··· Dataset section
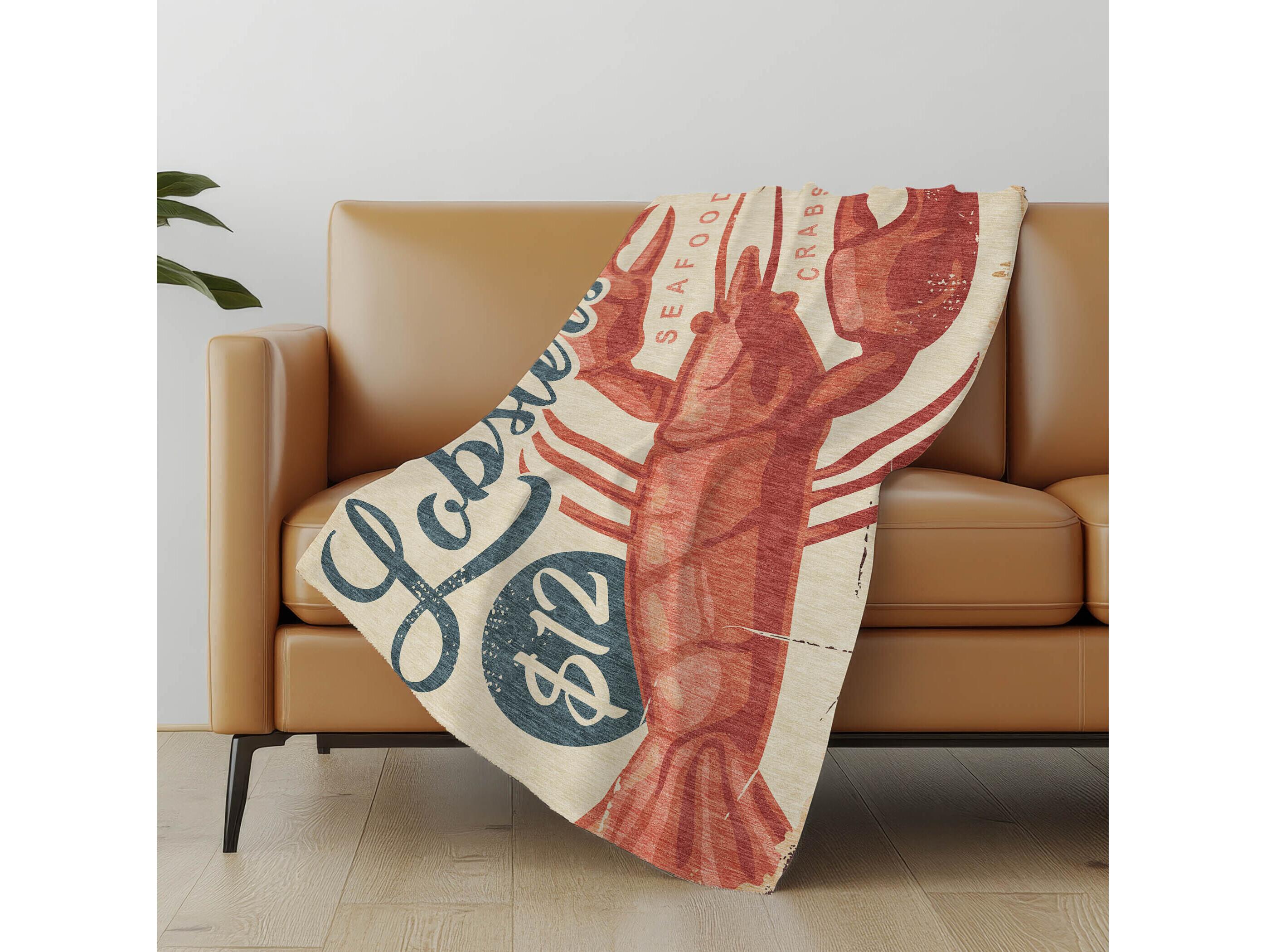 Dalyn Sherpa Beige Polyester Throw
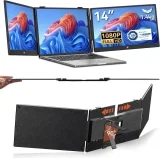 PORTAMAX PX5 Pro Laptop Bildschirm Erweiterung 2×14 Zoll
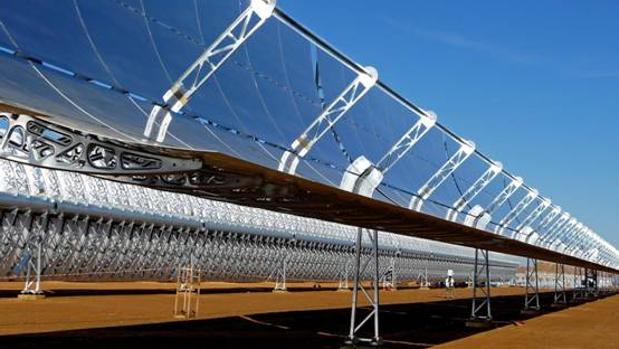 Planta termosolar de Abengoa
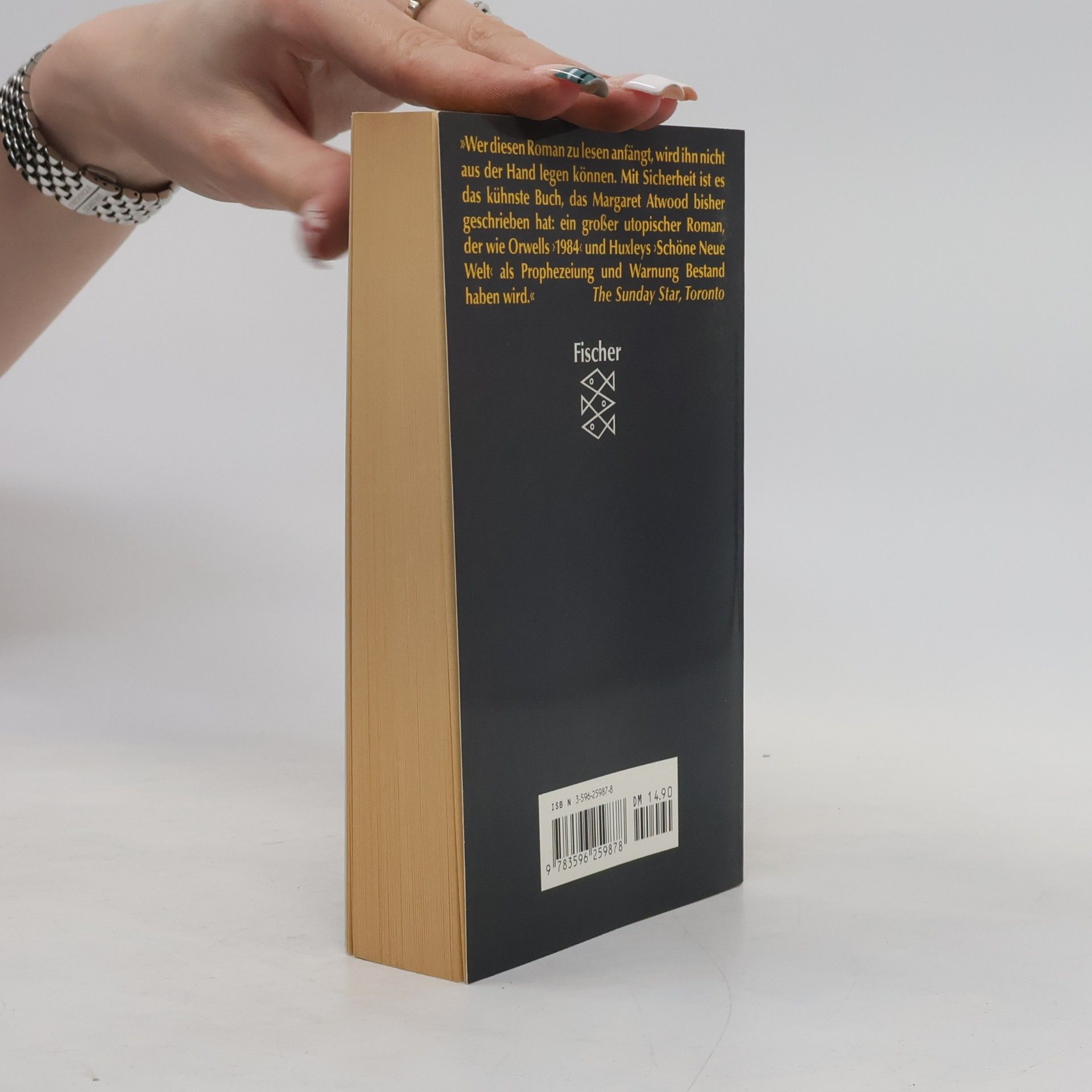 Margaret Atwood Der Report der Magd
······
▶ [Activity] With the pictures removed, repeat the listing above exactly as it stands.

▶ [Task response]
 Dalyn Sherpa Beige Polyester Throw
 PORTAMAX PX5 Pro Laptop Bildschirm Erweiterung 2×14 Zoll
 Planta termosolar de Abengoa
 Margaret Atwood Der Report der Magd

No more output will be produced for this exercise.